I came to a realization though- being a PCV is strikingly like being an RA at site. Everyone is watching you all of the time, they see you as some form of authority figure but that does not necessarily mean they respect you, you are living “in a fishbowl,” you have to plan program and projects in your community, and you are responsible for presenting a good image all of the time to represent American culture. It’s also funny; I was remembering the weekly reports we used to have to fill out about our floors, and all of the questions still seem to apply: which new resident (villager) have you interacted with this week? What situations have you encountered and how have you followed up on them? What are you doing to keep yourself healthy and deal with stress? The list goes on. When all else fails and I am going crazy, I usually remember how in some ways, nothing has really changed. The sad part is, I used most of those comparisons during my interview for Peace Corps. I now realize why my recruiter decided I was a good candidate. Apparently, I said the right thing.

In terms of work, yesterday was actually somewhat successful! I sat down with my counterpart and two very motivated local farmers to decide what the overall needs of the community were and what types of projects they were interested in carrying out so that I can do the research for them while I am in Thies. I explained some of our training and offered some ideas, but it seems that people are particularly interested in “diversifying” types of fruit trees being planted, protecting fields, starting a bee-fodder project, fish farming in our little pond, and soil stabilization to prevent continued erosion. We’ll see how many of those projects get started or turn out to be successful, but now I feel like I’ve made connections and have a goal in life. It’s a pretty good feeling.

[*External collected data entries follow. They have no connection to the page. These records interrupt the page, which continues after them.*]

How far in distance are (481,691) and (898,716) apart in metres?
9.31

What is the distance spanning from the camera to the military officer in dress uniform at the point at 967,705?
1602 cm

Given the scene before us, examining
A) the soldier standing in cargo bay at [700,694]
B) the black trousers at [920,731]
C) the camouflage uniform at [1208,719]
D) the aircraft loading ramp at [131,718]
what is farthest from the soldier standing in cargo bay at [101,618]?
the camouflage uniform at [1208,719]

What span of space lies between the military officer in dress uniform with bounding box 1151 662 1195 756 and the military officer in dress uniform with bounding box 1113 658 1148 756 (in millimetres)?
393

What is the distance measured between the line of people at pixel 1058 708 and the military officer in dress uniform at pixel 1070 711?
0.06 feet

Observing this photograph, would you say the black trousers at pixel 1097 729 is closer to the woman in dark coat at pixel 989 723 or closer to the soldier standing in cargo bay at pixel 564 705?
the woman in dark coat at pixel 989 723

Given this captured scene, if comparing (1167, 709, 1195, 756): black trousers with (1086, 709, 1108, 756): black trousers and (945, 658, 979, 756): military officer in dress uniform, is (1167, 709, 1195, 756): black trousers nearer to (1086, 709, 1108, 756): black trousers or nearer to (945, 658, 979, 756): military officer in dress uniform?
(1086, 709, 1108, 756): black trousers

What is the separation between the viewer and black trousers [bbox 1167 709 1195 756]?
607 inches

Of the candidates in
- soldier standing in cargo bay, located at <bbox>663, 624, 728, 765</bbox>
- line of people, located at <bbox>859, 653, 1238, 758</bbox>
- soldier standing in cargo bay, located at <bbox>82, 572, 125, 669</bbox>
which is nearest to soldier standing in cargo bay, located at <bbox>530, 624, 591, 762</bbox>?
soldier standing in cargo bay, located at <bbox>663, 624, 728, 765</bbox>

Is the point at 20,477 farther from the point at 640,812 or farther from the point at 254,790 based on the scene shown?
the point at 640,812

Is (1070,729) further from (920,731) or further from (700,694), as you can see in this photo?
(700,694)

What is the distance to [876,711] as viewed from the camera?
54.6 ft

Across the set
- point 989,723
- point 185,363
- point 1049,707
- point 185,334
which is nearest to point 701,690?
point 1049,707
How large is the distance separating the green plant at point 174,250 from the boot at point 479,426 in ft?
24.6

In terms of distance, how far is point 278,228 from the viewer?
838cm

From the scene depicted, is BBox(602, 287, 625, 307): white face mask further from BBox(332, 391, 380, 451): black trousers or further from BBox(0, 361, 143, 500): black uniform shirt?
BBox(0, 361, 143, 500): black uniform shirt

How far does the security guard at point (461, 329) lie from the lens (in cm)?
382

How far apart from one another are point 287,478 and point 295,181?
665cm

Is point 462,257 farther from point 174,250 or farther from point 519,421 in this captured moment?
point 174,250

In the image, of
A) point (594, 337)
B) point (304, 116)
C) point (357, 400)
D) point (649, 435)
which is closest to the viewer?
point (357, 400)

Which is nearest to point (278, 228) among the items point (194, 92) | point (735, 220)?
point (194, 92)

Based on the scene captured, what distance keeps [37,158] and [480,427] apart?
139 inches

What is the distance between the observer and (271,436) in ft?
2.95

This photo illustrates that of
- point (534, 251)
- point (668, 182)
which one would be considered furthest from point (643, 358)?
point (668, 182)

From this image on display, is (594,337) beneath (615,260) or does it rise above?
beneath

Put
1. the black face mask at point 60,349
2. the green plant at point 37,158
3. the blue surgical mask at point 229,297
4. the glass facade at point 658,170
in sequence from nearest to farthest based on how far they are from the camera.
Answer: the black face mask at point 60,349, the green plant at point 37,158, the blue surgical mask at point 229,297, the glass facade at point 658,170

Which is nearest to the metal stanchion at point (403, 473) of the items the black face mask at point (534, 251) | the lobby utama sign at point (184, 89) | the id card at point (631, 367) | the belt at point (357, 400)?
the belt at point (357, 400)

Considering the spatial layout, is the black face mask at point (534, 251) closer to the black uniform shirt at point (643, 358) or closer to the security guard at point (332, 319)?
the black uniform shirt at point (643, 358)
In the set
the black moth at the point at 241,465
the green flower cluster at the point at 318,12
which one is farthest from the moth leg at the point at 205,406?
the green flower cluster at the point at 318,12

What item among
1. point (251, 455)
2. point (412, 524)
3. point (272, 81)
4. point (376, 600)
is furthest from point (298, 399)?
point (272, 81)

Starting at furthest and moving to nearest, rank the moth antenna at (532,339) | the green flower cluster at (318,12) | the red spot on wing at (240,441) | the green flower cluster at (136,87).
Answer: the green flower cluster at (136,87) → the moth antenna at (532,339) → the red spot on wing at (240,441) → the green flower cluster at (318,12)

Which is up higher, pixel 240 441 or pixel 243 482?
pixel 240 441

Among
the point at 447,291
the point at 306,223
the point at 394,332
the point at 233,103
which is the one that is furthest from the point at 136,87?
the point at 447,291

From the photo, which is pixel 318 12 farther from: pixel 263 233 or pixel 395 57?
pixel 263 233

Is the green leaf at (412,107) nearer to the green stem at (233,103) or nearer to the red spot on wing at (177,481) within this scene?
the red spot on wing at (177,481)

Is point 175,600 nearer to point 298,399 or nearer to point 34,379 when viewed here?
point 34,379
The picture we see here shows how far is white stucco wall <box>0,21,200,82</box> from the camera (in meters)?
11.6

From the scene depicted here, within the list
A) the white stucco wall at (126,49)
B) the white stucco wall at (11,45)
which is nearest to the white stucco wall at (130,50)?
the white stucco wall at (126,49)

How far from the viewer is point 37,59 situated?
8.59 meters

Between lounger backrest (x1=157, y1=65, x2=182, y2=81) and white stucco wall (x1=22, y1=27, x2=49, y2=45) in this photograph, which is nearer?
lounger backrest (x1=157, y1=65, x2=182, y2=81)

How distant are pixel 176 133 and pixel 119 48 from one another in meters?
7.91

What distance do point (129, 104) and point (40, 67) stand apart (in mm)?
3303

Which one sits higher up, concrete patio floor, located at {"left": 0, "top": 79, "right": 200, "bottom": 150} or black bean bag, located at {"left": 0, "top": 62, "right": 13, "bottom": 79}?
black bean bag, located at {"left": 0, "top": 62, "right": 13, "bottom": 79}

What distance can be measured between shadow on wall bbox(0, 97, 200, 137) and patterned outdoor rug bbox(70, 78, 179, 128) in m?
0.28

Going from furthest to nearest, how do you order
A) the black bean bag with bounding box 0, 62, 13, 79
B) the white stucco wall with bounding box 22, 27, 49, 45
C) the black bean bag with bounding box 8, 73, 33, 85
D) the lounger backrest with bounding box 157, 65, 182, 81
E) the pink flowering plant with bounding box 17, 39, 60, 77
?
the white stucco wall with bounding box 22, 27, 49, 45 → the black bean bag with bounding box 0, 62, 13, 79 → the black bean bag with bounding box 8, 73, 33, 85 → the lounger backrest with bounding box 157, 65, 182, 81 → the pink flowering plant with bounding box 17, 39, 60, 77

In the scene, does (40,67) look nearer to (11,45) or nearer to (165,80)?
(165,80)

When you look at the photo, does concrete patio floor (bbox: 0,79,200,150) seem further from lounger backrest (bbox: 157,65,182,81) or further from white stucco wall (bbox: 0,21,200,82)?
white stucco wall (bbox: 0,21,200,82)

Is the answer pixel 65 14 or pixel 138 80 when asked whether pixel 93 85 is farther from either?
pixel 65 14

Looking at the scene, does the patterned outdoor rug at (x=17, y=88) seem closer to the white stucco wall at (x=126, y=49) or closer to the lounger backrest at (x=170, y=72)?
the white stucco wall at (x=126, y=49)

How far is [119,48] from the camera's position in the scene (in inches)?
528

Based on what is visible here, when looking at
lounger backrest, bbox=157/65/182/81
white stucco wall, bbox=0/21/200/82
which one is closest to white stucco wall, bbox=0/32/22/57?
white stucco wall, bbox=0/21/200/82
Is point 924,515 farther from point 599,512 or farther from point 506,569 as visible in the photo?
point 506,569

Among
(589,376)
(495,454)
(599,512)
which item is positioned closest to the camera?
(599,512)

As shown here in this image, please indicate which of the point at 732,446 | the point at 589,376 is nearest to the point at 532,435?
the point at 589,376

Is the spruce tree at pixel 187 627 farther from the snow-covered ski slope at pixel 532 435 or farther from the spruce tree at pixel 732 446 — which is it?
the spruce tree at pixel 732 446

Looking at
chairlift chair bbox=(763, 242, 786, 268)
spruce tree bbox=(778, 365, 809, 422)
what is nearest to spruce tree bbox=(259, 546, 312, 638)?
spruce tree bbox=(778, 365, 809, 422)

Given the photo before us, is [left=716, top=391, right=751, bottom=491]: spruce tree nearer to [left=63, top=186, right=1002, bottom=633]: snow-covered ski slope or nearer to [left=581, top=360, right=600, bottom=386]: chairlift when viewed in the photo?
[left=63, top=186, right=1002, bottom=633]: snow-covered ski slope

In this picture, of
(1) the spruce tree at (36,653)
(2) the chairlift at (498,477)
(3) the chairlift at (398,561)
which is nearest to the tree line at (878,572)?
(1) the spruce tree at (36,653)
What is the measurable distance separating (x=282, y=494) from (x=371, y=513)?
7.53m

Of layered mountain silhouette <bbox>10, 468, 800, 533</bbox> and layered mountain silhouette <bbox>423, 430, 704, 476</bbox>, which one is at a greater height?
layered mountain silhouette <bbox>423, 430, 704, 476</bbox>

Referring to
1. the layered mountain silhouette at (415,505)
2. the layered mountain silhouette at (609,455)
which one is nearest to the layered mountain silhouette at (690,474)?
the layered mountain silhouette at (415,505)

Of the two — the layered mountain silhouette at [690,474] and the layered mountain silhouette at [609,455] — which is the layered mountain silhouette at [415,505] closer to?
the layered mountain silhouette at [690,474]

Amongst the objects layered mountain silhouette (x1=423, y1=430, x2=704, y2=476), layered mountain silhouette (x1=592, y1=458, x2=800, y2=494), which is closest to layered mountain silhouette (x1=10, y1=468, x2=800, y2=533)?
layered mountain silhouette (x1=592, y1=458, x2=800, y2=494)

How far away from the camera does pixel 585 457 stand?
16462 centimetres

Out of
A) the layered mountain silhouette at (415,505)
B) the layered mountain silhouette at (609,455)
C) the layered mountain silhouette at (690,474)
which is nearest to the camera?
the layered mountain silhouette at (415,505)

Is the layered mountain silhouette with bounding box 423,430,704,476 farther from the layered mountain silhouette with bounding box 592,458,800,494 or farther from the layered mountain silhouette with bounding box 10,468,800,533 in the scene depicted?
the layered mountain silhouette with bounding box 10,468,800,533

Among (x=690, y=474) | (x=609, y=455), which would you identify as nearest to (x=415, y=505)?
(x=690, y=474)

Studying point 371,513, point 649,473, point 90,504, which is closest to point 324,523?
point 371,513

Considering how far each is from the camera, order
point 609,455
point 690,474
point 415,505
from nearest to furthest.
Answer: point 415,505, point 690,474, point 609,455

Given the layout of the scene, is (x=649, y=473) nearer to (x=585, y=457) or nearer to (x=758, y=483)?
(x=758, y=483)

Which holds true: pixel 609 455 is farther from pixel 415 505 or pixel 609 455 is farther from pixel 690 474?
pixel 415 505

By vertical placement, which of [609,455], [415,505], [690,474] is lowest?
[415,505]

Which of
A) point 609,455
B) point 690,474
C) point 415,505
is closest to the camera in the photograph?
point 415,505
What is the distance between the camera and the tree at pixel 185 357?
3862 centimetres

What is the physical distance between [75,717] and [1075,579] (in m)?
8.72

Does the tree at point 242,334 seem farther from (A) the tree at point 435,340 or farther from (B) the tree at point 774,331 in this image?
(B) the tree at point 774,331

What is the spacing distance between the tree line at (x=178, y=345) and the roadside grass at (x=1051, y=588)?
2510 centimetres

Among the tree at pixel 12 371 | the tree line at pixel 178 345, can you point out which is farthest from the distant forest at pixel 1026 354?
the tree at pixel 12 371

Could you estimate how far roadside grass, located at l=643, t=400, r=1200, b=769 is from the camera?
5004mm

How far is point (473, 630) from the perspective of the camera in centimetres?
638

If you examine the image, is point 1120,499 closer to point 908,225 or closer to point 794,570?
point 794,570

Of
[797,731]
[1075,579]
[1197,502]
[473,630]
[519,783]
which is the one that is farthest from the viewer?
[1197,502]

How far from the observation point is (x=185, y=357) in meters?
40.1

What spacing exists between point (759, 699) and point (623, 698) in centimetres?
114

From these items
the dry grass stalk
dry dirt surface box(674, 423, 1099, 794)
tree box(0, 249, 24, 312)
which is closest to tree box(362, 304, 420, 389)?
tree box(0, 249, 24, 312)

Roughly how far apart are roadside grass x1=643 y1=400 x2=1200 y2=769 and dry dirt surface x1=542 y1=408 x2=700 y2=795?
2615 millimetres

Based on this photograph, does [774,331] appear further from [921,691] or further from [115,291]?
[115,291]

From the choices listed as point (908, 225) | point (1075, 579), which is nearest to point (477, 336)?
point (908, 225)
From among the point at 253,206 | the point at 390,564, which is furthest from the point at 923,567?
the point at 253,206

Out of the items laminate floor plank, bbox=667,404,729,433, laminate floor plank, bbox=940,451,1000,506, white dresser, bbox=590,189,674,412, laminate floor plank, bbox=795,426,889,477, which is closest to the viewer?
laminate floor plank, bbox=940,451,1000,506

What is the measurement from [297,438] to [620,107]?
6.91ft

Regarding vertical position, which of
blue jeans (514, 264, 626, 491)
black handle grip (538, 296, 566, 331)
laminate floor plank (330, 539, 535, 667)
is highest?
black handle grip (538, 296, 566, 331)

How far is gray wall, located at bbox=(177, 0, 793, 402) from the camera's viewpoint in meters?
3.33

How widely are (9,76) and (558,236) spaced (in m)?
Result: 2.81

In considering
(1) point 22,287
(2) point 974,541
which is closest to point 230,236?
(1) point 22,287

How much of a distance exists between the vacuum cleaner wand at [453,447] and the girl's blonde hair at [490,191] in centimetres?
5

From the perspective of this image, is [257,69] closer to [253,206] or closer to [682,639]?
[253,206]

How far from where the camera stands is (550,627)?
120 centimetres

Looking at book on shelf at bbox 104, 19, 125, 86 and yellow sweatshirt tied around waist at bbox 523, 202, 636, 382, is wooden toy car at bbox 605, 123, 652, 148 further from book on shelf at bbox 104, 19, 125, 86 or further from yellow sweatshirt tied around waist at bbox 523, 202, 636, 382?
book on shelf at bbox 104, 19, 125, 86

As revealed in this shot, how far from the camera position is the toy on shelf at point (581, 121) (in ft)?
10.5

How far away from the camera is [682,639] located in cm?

So I’ll check in again when I’ve made it safely to Thies. Remind me not to overuse my computer at site- I found myself looking through old pictures a lot in my hut halfway through writing this entry; I’m hoping that does not become an addiction. Homesickness is a painful thing sometimes, but I’ll leave it at that.

Love and miss you all!

~E

Friday, November 26, 2010

Tabaski and Thanksgiving. Yummy x 2

Wow, I have failed miserably at this whole blogging deal over Thanksgiving, as normally I would be much better about getting a good entry or two up as soon as I got to Kaolack. But here you go.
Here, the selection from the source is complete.